The Passionists were founded in Italy by St. Paul of the Cross in 1747. At the time, Passionists were meant to be itinerant preachers, preaching parish missions and retreats. Today, the main theme of their preaching remains the Passion, Death, and Resurrection of Jesus. Through this preaching, Passionists hope to keep alive the memory of the Passion of Jesus. Their motto is “May the Passion of Christ Be Always In Our Hearts.”
Every Passionist takes a special vow to spend his or her energies in promoting the remembrance of the sufferings of Jesus, the memory of the Cross, and reflection of the meaning of the Cross for the world. It is a commitment to proclaim God’s great love made known through the Cross of Jesus.

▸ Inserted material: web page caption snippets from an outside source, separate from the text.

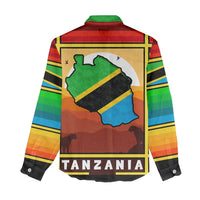 African Sunset Design Women Casual Shirt with Flag Map Mount Kilimanjaro and Wildlife Scene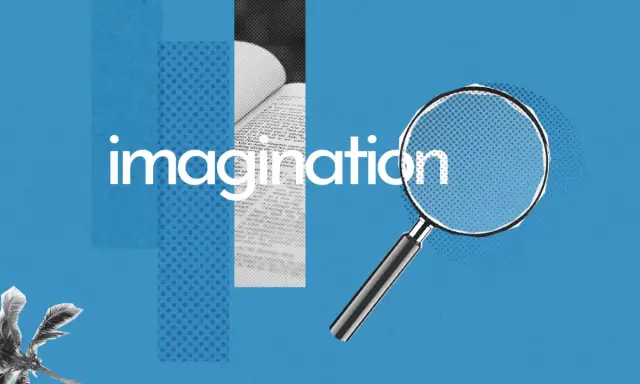 Loupe examinant le mot "imagination" sur un livre ouvert, un palmier en bas à gauche. Un synonyme d'imagination.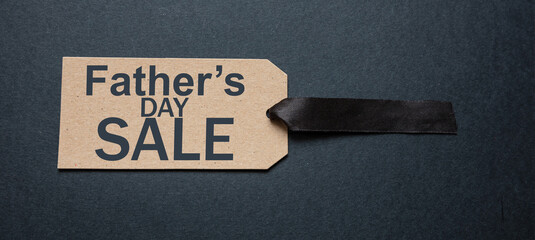 Fathers day SALE text on price tag, special offer promotion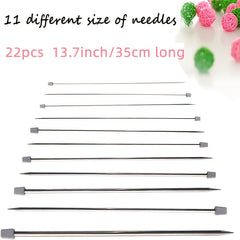 11 Pairs Stainless Steel Knitting Needles Set for Beginners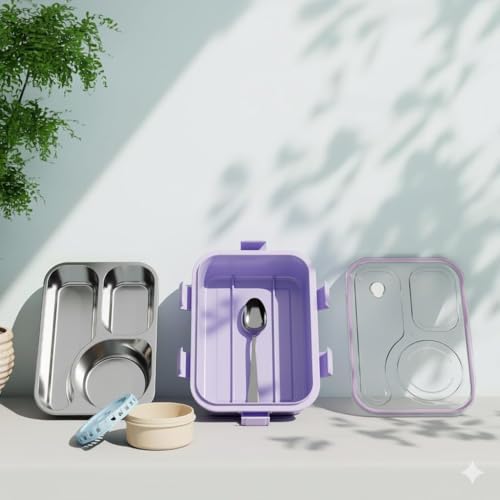 Image of Sanghariyat Lunch Box 3 Compartment Out Side-Leak-Proof BPA Free Stainless Steel, Lunch Box for Girls, Lunch Box for School with a Fork, a Spoon and a Pair of Chopsticks 750 ml (Purple)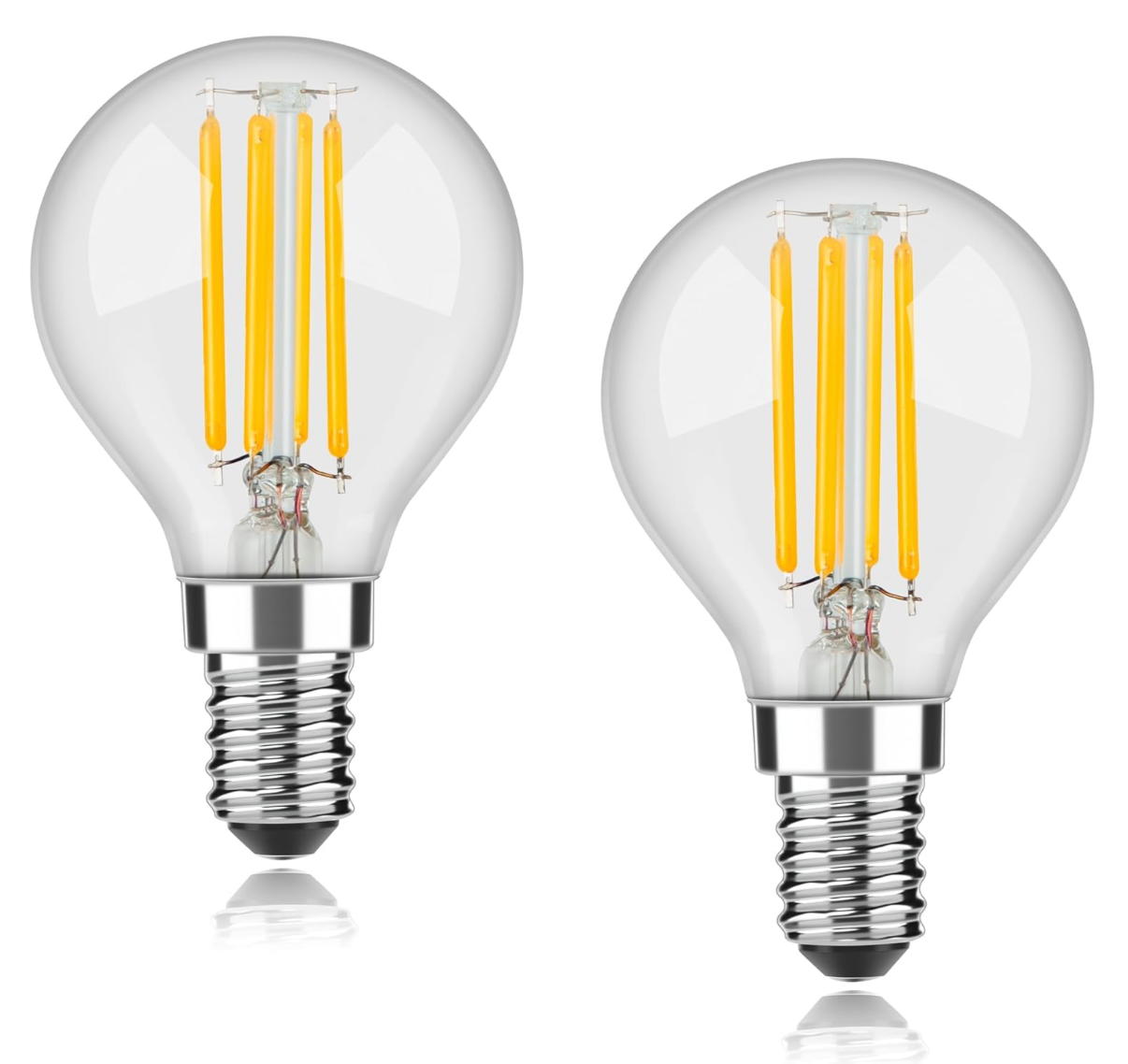 OUKAJO E14 Dimmable LED Light Bulb,SES Small Edision Screw Golf Ball Bulb,4W Warm White 2700K 400lm,2 Count (Pack of 1)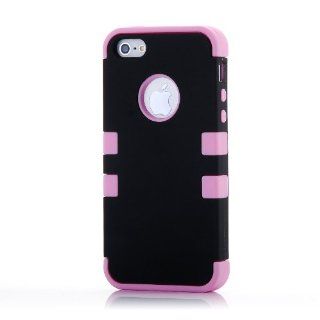 USAMZ909™ Hard Hybrid Case Snap On Cover For iPhone 5 Combo TUFF Silicone Hot Pink/Black Electronics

The Passionists work in 75 countries around the world. Parishioners are encouraged to pray for vocations so that the ministry of the Passionists will continue to enrich the life of the Church.
The Passion of Jesus
When we think of the Passion, we naturally think of the physical sufferings that Jesus experienced on the cross. With the immense misery and devastation inflicted by the Second World War, an insight was gained that the Passion of Jesus continues in the sufferings of humanity, especially among the least of our brothers and sisters. More recently, we grow to recognize the Passion of Jesus as we witness it in the Passion of the Earth – as we see planet Earth ravaged and pillaged by the way we humans live upon the earth. One of the intentions of the Passionists at St. Gabriel’s is to raise the awareness of this ‘Passion of the Earth’ for all in the parish community, as they struggle to live their lives as Christian men and women.
The Passionist insignia
The special insignia of every Passionist is the “Sign”, the heart-shaped emblem with the cross on top. It catches, in an image, the meaning of the Passionist life.
In the middle of the emblem are the words, JESU XPI PASSIO. Written in Greek and Latin, the languages of the early Church, these words mean “The Passion of Jesus the Christ”. The three nails at the bottom and the cross at the top remind us symbolically of Christ’s suffering and death.